● DATA
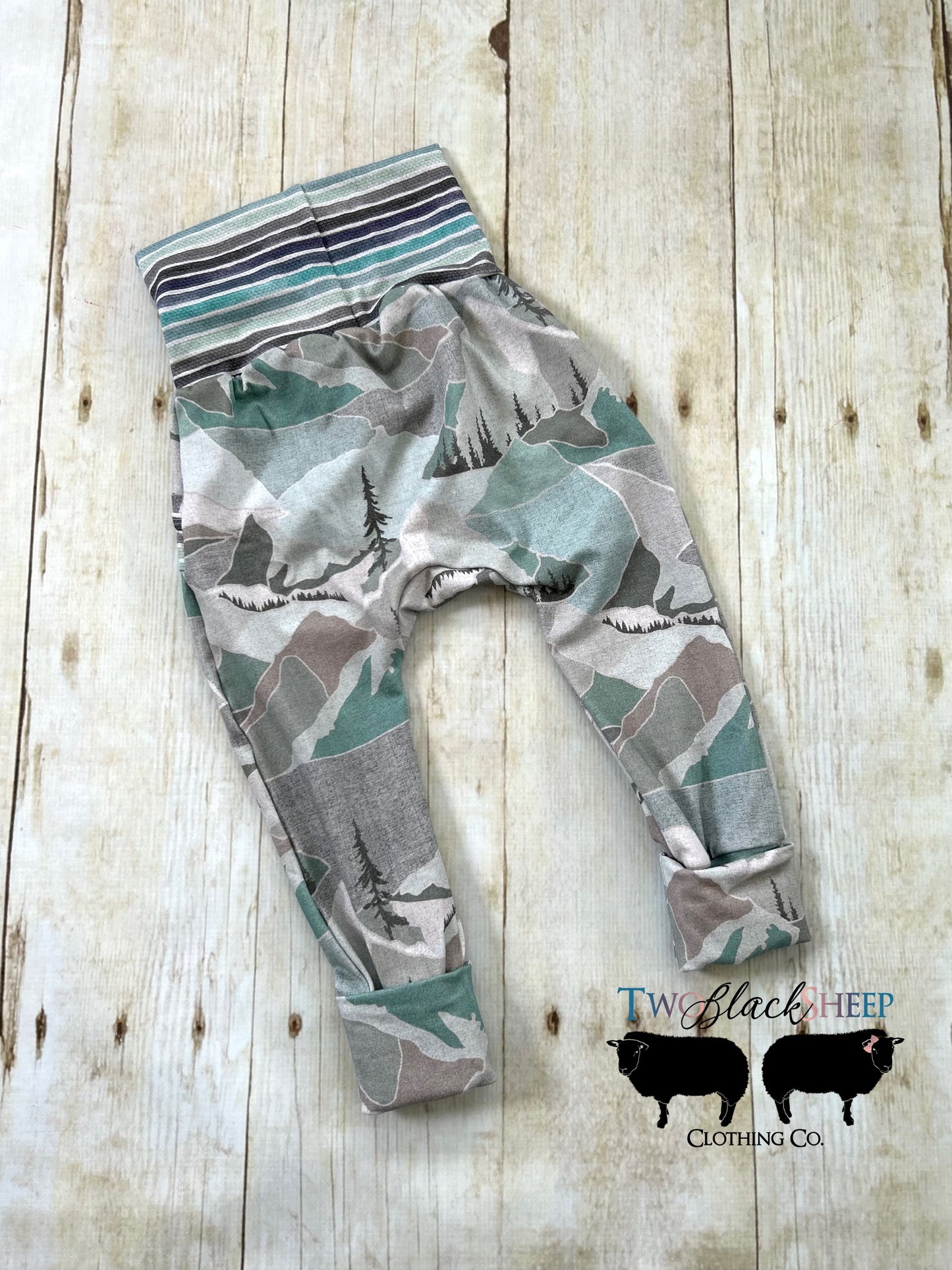 3-6y GWM Green Mountain Drop Crotch pants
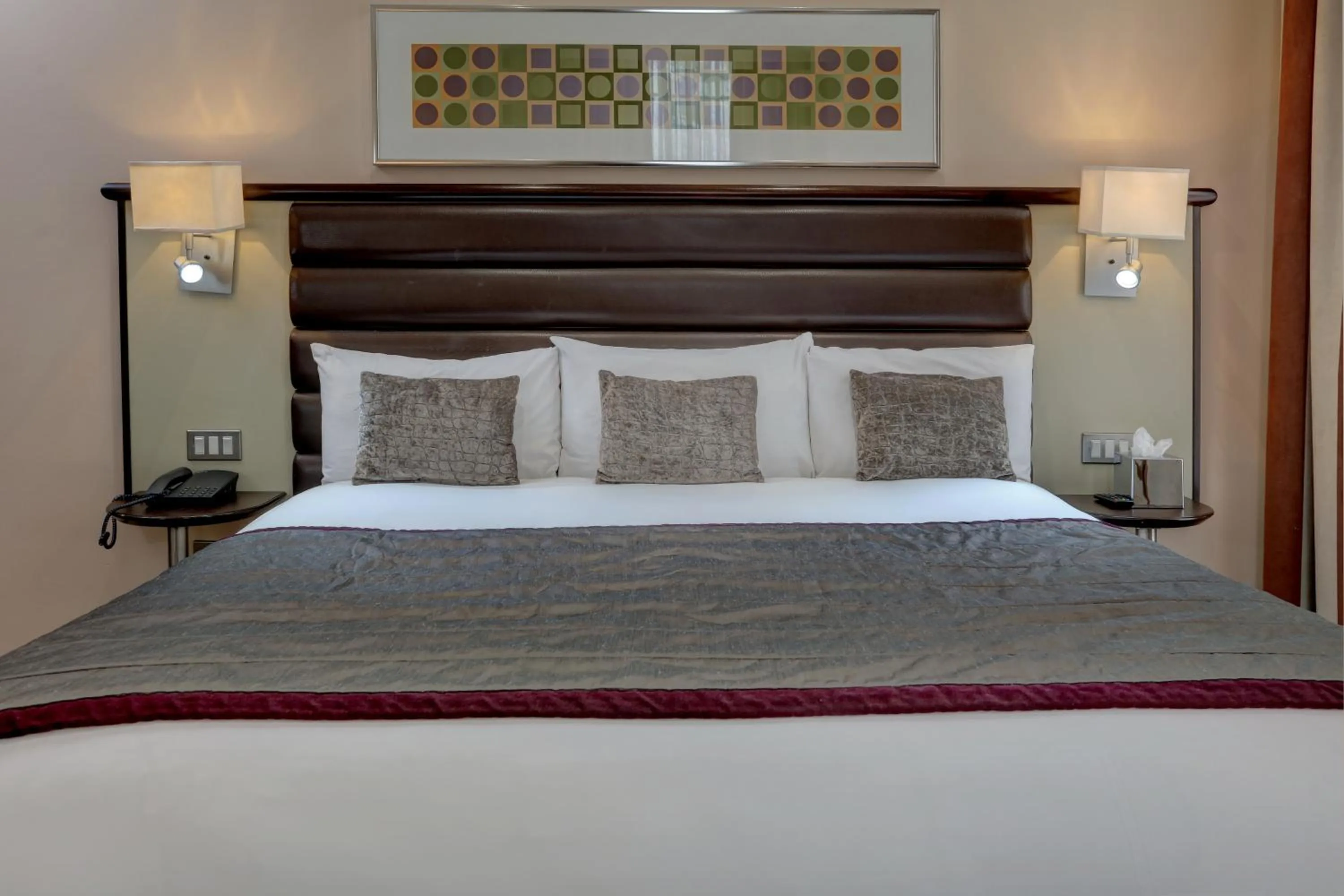 Deluxe Double Room in Corus Hyde Park Hotel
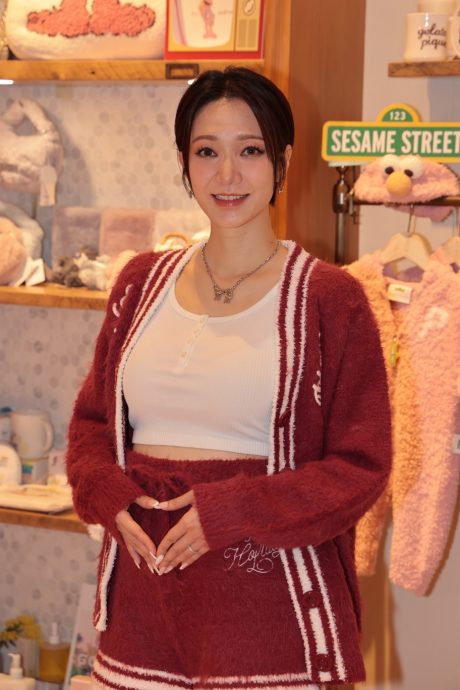 王君馨挺5月孕肚亮相 自爆子宫长水瘤做微创手术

● PROBLEM TO WORK ON
Your task is to copy word for word the lines from the line containing "Deluxe Double Room in Corus Hyde Park Hotel" to the end of the listing, both included, and to drop any pictures.

● ANSWER SECTION
 Deluxe Double Room in Corus Hyde Park Hotel
 王君馨挺5月孕肚亮相 自爆子宫长水瘤做微创手术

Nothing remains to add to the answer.